# New Windows in Home



## 1MOFISH (Mar 13, 2014)

So I am replacing all the builder grade windows in our home with windstorm windows and being told there will be an obvious reduction in utility bill. Home was built in 2004. Can any of you guys that have done this verify the savings I am being told will happen?
Actually have Wonderful Windows doing the install with theirs.


----------



## mredruok (Apr 25, 2010)

I just went thru the same scenario, But I had 50 yr. old wood frame windows and replaced them with vinyl double pane. It cost me $9k for 21 windows installed, 2 days to install with no mess inside. It made a world of difference in temp control and sound. I am saving $100/month on a 4,000 sq. ft. house. That's a 7.5 year payout. I should have done it many years ago. I am in West Texas but I don't think the results will be any different for you. The looks, temperature and sound benefits out weight the cost benefits. Hope this helps.


----------



## ctmullet (Jun 7, 2005)

*replaced windows in house*

went through the same scenario in replacing windows in a 1950's house. House still had original single pane aluminum windows that let dust, etc in. Had a few quotes and settled with Window World, it was cheap and came out great. 11 windows replaced in one day and while they were wrapping up one of the big windows had a small crack about 1/2" long at the edge where it met the vinyl. By sheer luck i saw it, the guys had a replacement form for me to fill out and within 3 weeks a new pane showed up and the guys replaced with no hassle and no issues. we got the top end window and our electric bill is around 150-200 in summer time set around 72-75 degrees and it's about 2200 sqft. not sure about the payback period but we needed it anyways so wasn't really a factor for us to replace.


----------



## acoastalbender (Jul 16, 2011)

1MOFISH said:


> So I am replacing all the builder grade windows in our home with windstorm windows and being told there will be an obvious reduction in utility bill. Home was built in 2004. Can any of you guys that have done this verify the savings I am being told will happen?
> Actually have Wonderful Windows doing the install with theirs.

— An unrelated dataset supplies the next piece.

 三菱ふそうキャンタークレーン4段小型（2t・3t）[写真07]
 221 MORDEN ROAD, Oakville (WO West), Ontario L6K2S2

I don't know what a builder's grade window in your area is. Around here it is usually a double pane which as far as efficiency goes isn't all that bad. A standard sized window, say, 3 x 5 in cheap double pane might be in the $150 - $200 range and the impact resistant (hurricane) window will be nearly double the price but not help much on the heating/cooling bill. What they do help with is lowering the windstorm insurance bill though...If the windows you are replacing are single pane though, you should see substantial energy savings. A single pane of glass has an "R" rating of 1.5 on average. Newer style double pane impact resistant windows can be rated from 4.0 to a little over 5.0. Not much compared to your walls that are probably R15 or better but compared to the single pane windows that have been replaced it is 3-4 times more efficient...

.


----------